Born in Detroit, Michigan, Filarski aspired to become a professional athlete. She was supported by her mother, who never had the chance to play sports because girls were not supposed to be too physical. After graduating at high school Helen went to work for the Briggs Manufacturing Company on the B-29 wings. In her spare time she played amateur baseball around the playgrounds of Detroit, starting at shortstop, and then switched to second base, before finally settling in at third base.

During a local tournament Filarski was invited to a tryout for the All-American Girls Professional Baseball League in Chicago, Illinois. She made the trip and accepted an offer contract because the money was so much better than she could make in the factory.

Filarski entered the league in 1945 with the Rockford Peaches, playing for them two years before joining the Peoria Redwings (1947), Kenosha Comets (1947) and South Bend Blue Sox (1948–1950).

In her rookie season for the Peaches she helped them win the Championship Title that year. Her biggest contribution during the postseason came in the final best-of-seven series, against the Fort Wayne Daisies, when she scored two decisive runs and led her team with three runs batted in, though in the series she got knocked out and lost her two front teeth after a frightening collision with a base runner.
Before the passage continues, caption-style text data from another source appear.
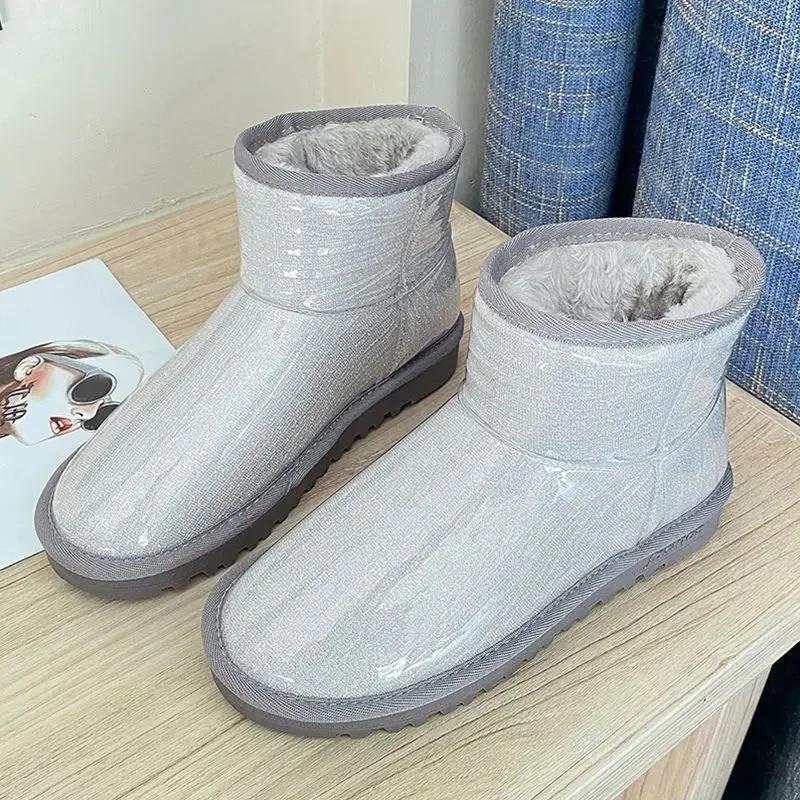 

Плоские водонепроницаемые ботинки Tabi с круглым носком для женщин, серебристые женские зимние ботинки, женские новые рок-ботинки весны 2024 года, готика 40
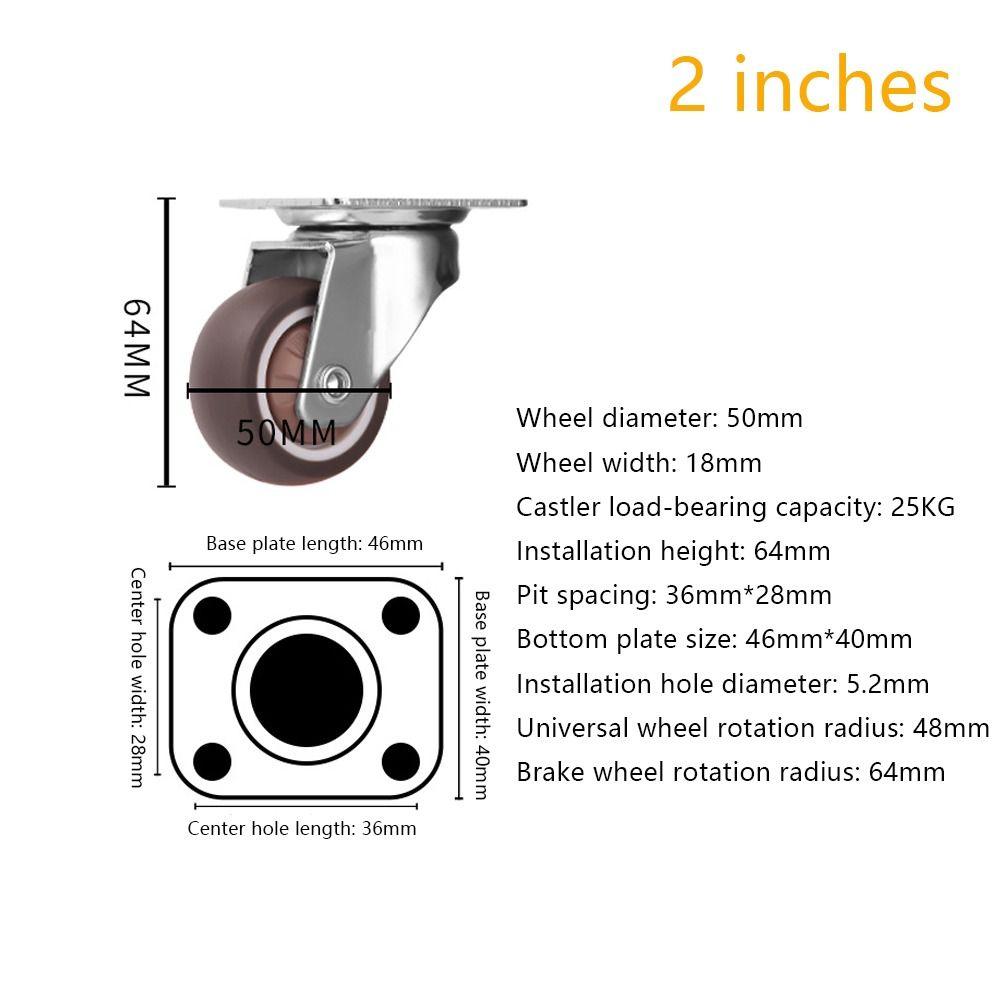 4PCS TPE Rubber Furniture Castor 1.5" / 2" Wheel Rubber Castor  for Baby Bed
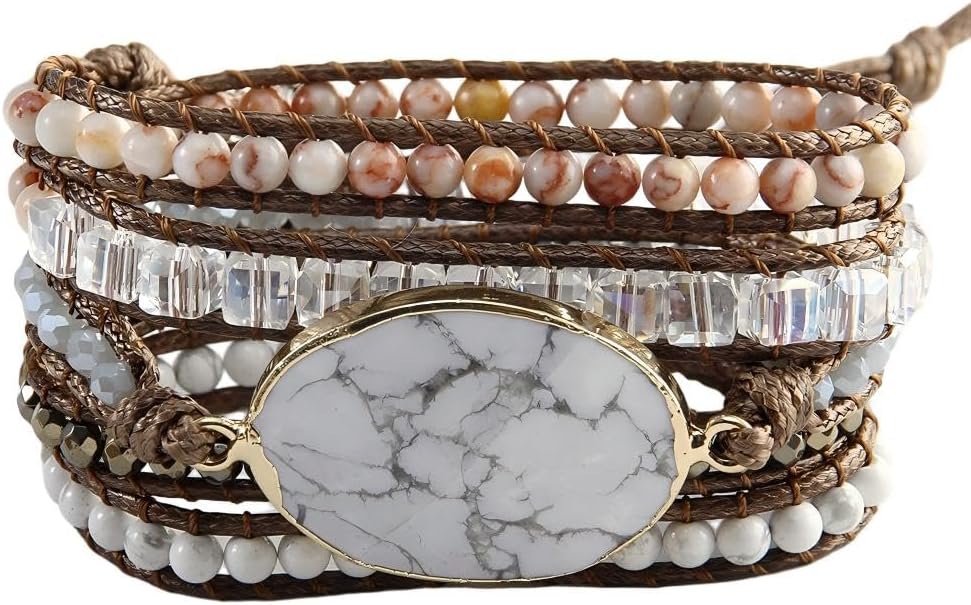 Women Wrap Bracelets Boho Natural Stone Jasper Turquoises Strand Bracelet Jewelry Collection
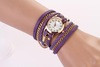 Dress Watches Women PU Leather Strap Braided winding Rivet Bracelet Watches Wristwatch relogio feminino Hour IMY66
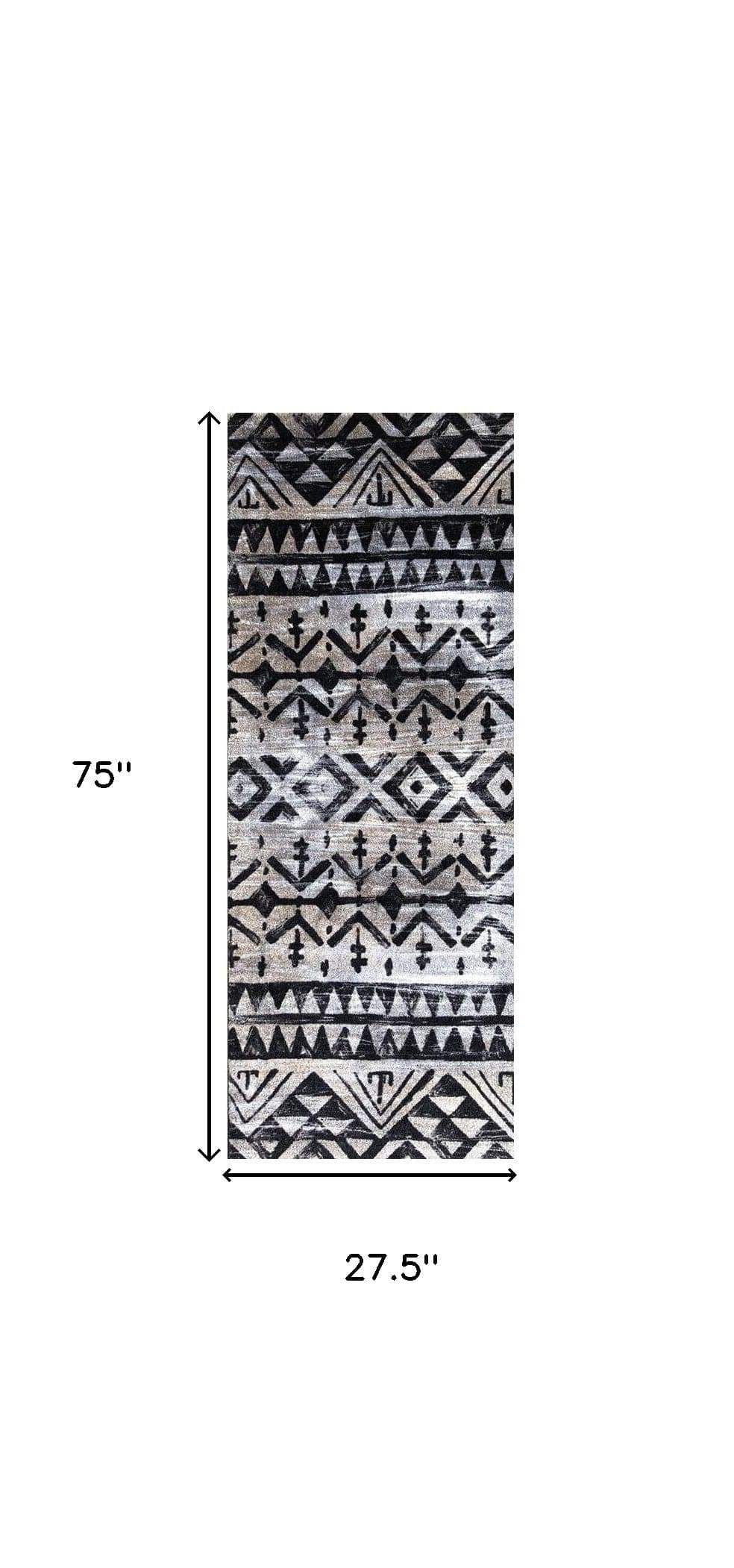 2' X 6' Black and Gray Aztec Washable Runner Rug - Image 3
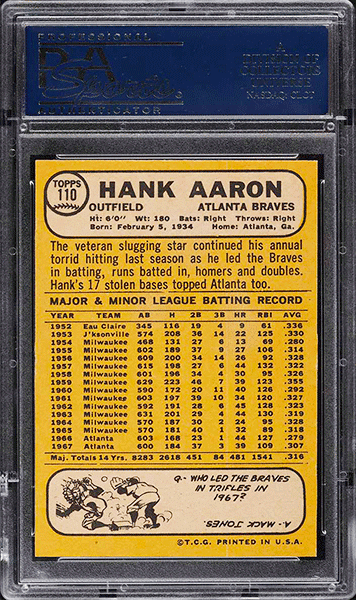 1968 Topps Hank Aaron #110 PSA 9 MINT back side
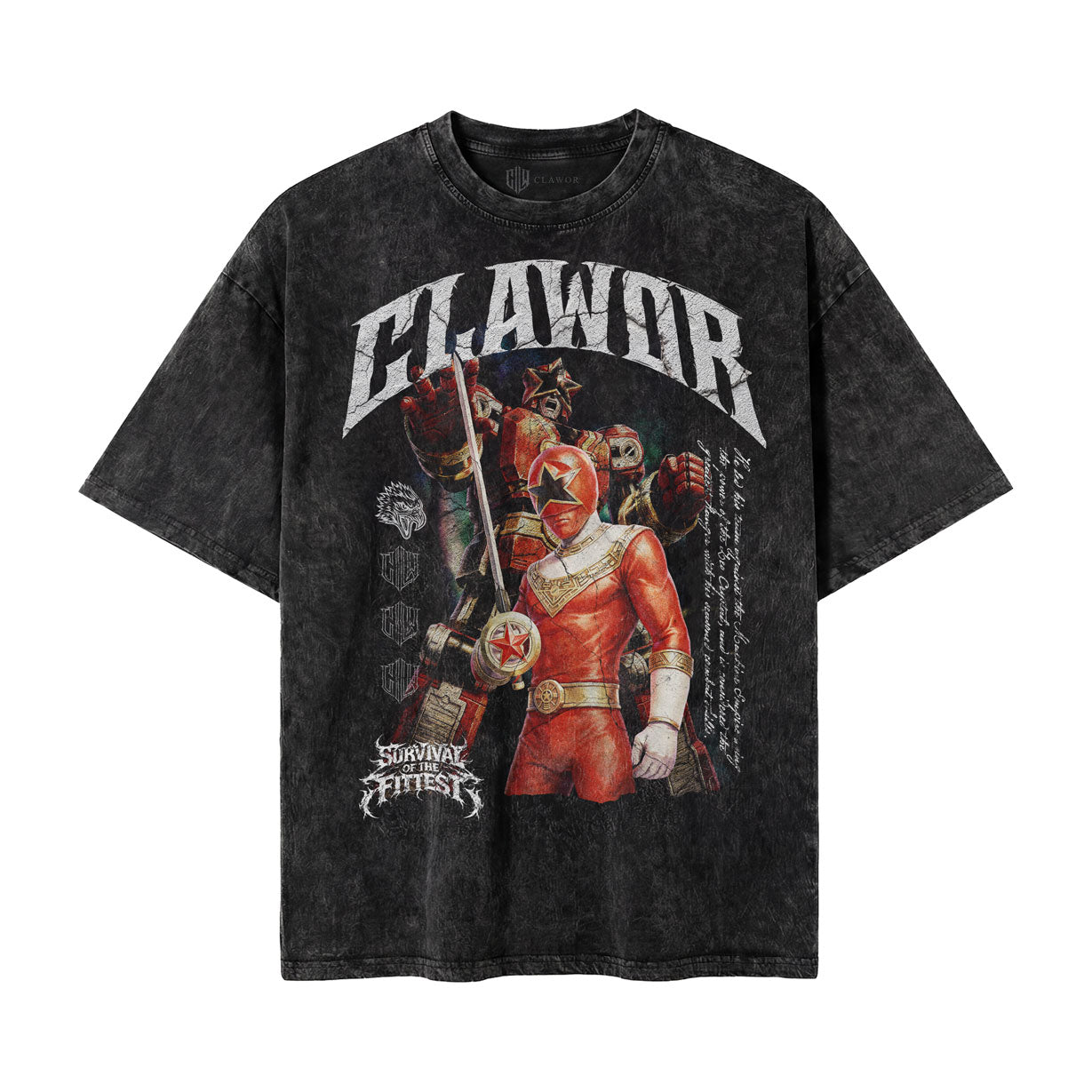 PWR: Zeo Red Ranger Oversized Washed Tee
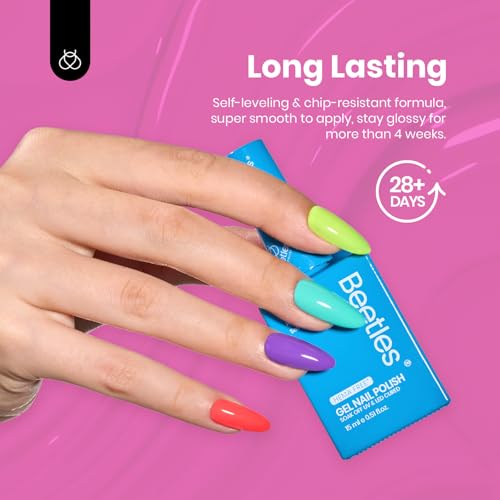 Image of Beetles Neon Gel Nail Polish - Bubbles, Hema Free 6 Colors Summer Gel Nail Polish Set Full Size Hot Pink Orange Yellow Blue Purple Green Soak Off UV LED DIY Bright Rainbow Summer Nails Salon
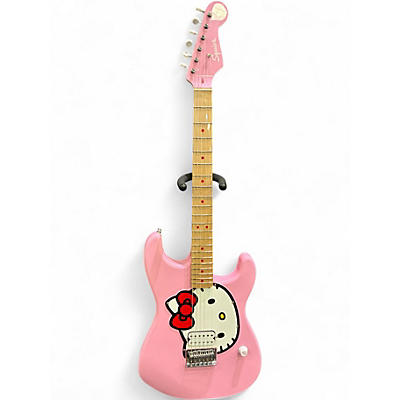 Used Squier Hello Kitty Stratocaster Single Hum Pink With Kitty Pickguard Pink Solid Body Electric Guitar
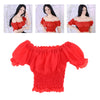 1/6 Female Clothes Puff Sleeve Top T-shirt Fit 12'' Action Figure Red D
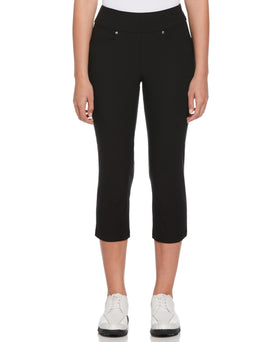 PGA TOUR women's 22-inch pull-on capri pants with tummy control for a flattering silhouette on the course.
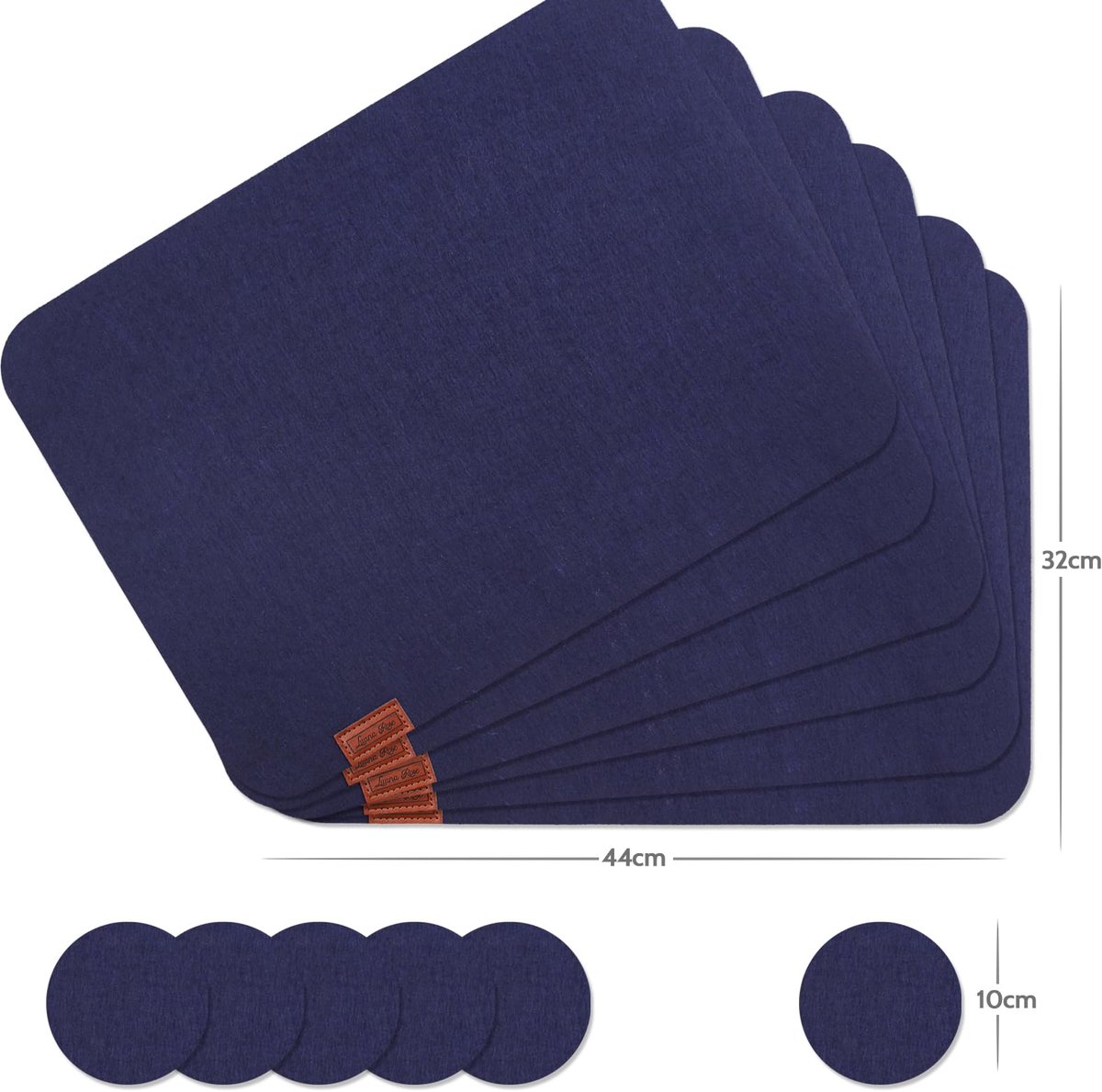 Luana Rose vilten placemats set van 12 in antraciet - afveegbare placemat - vilten onderzetters 44x32 cm - hoogwaardige wasbare placemats in blauw - tafelonderzetter placemat + glazen onderzetterset — cadeau in Wonen & Interieur - foto 3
In 1946, Filarski was the best defensive player at third base with a .932 fielding average. Her most productive season as a hitter came in her last year, when she posted career numbers in batting average (.209), extrabases (12) and on-base percentage (.314). Eventually, she also traveled to San Juan, Puerto Rico for a baseball tournament.

Filarski did not return to the league after marrying Donald Steffes in 1951. The couple raised six children, four boys and two girls. She continued to be active in sports by coaching her children's teams, and also coached a softball team in Mount Clemens, Michigan for 30 years, extending her coaching knowledge into the early 2000s. In addition, her hobby activities included photography and playing basketball and bowling.

In 1988, Filarski became part of Women in Baseball, a permanent display based at the Baseball Hall of Fame and Museum in Cooperstown, New York, which was unveiled to honor the entire All-American Girls Professional Baseball League.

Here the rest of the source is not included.